- _REQUIRED WORK_
The expected output is each line from the one containing "Cuvée S Salon 1996 - Lot de 2 bouteilles - 0" to the last line of the data below, set down exactly, minus the pictures.

- _MATERIAL SHOWN_
Segment Open
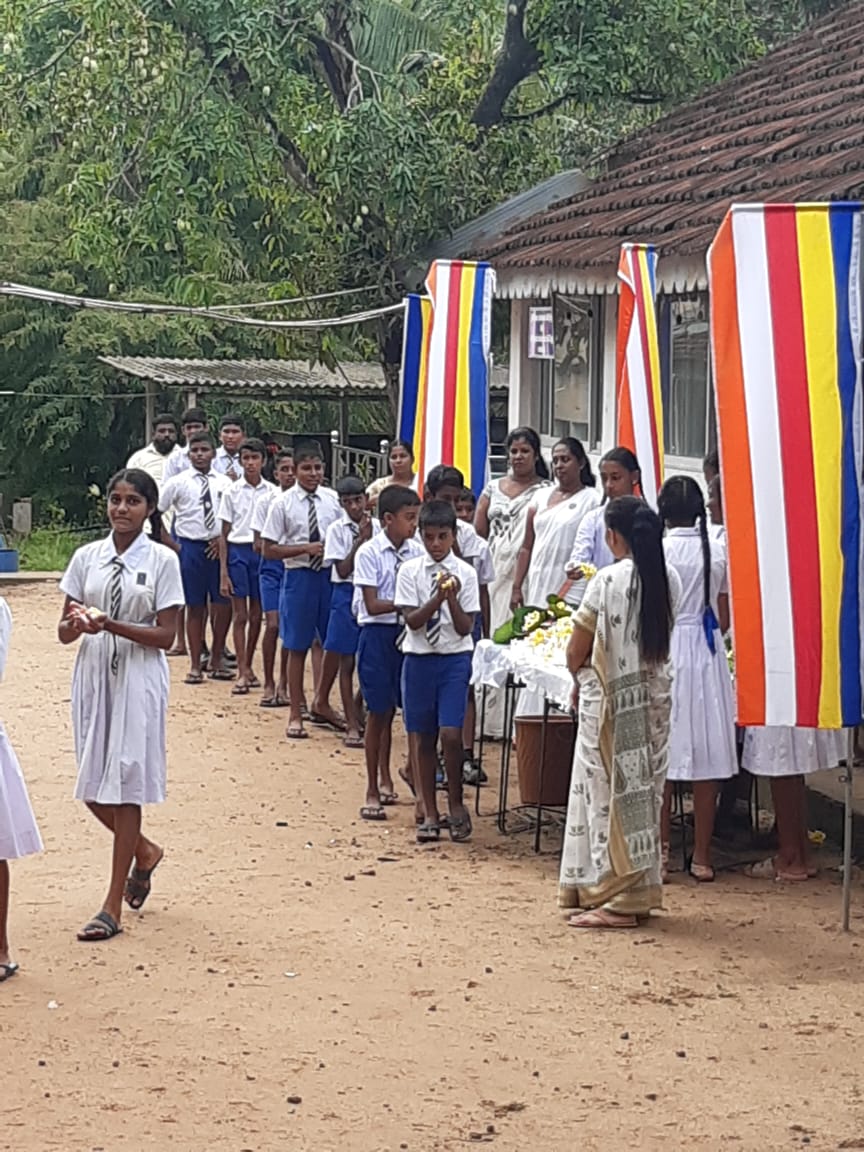 වෙසක් වැඩසටහන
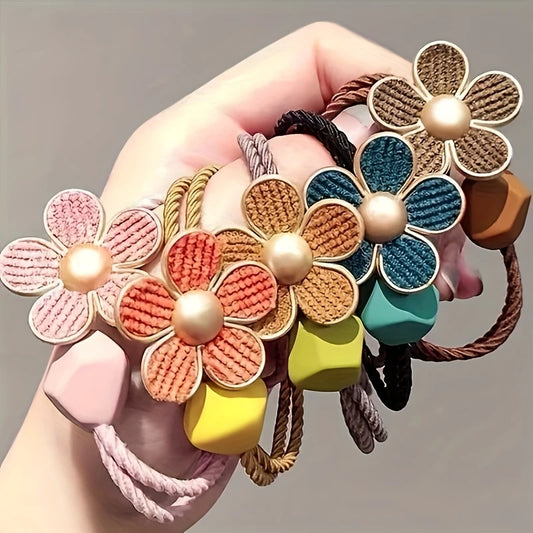 Five Petal Hairtie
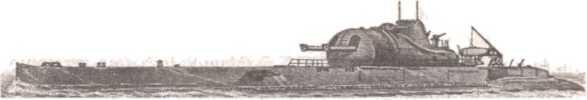 Французский подводный крейсер Сюркуф Авиаангар длиной 7 м и диаметром 2 м - фото 324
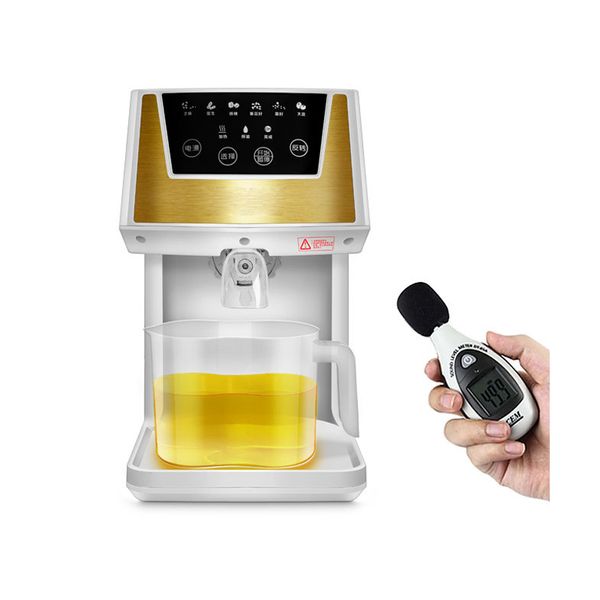 FREE SHIPPING Automatic Cold Oil press Machine Household FLaxseed Extractor Peanut Oil Press Cold Press Oil Machine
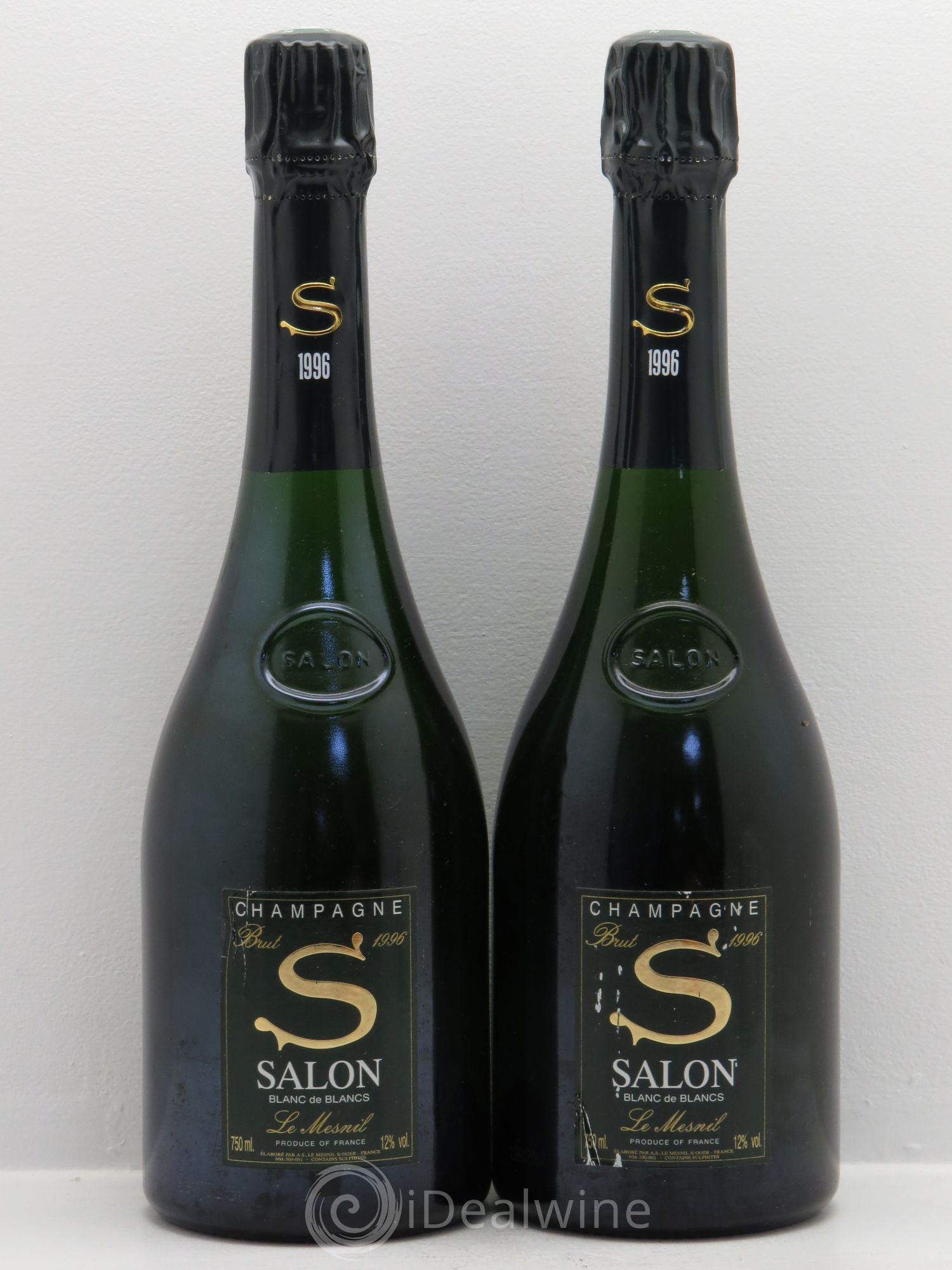 Cuvée S Salon 1996 - Lot de 2 bouteilles - 0
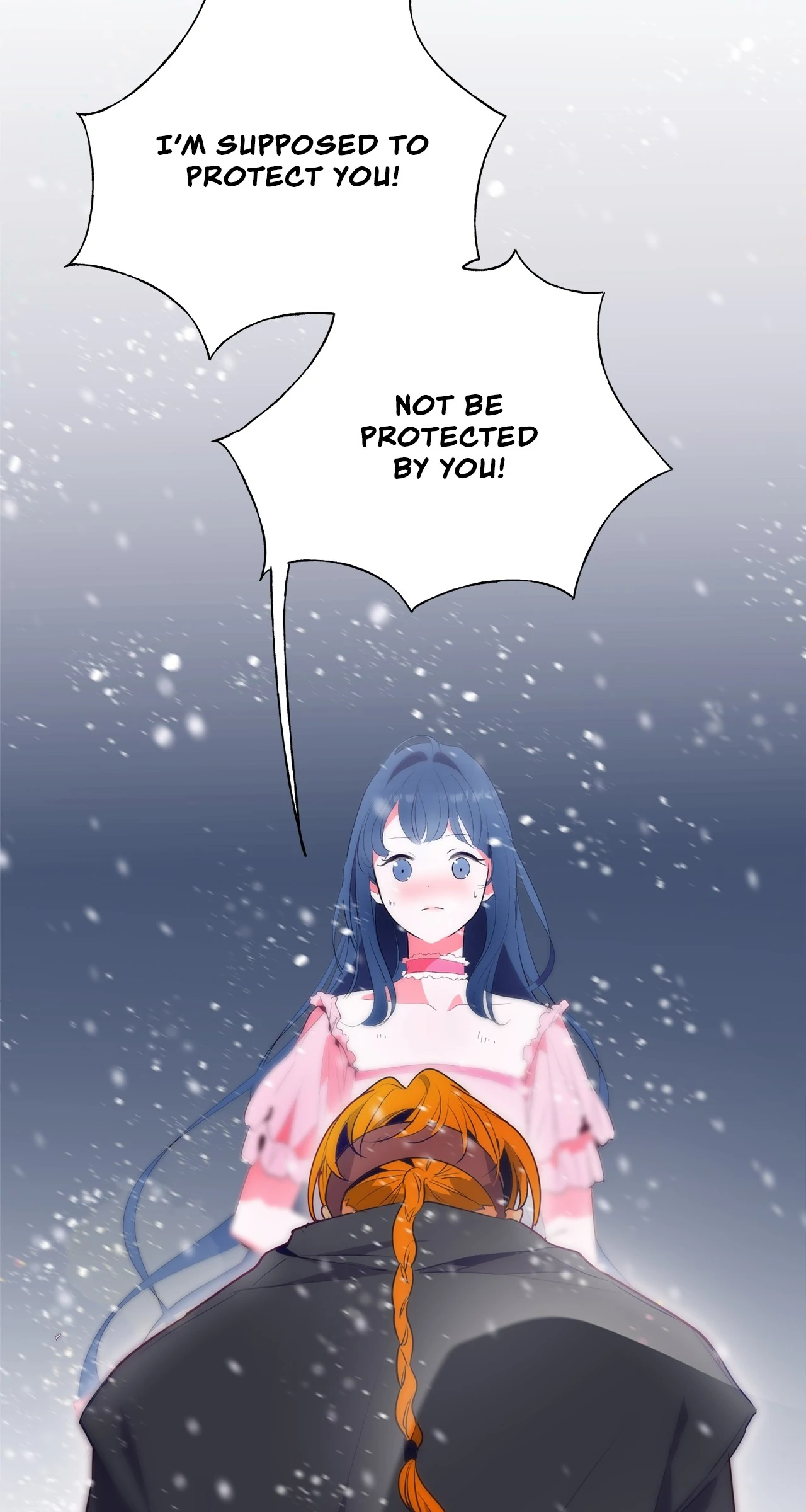 Becoming Best Friends With the Icy Male Lead Chapter 50 - page 6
Segment Closed
- _ANSWER BOX_
 Cuvée S Salon 1996 - Lot de 2 bouteilles - 0
 Becoming Best Friends With the Icy Male Lead Chapter 50 - page 6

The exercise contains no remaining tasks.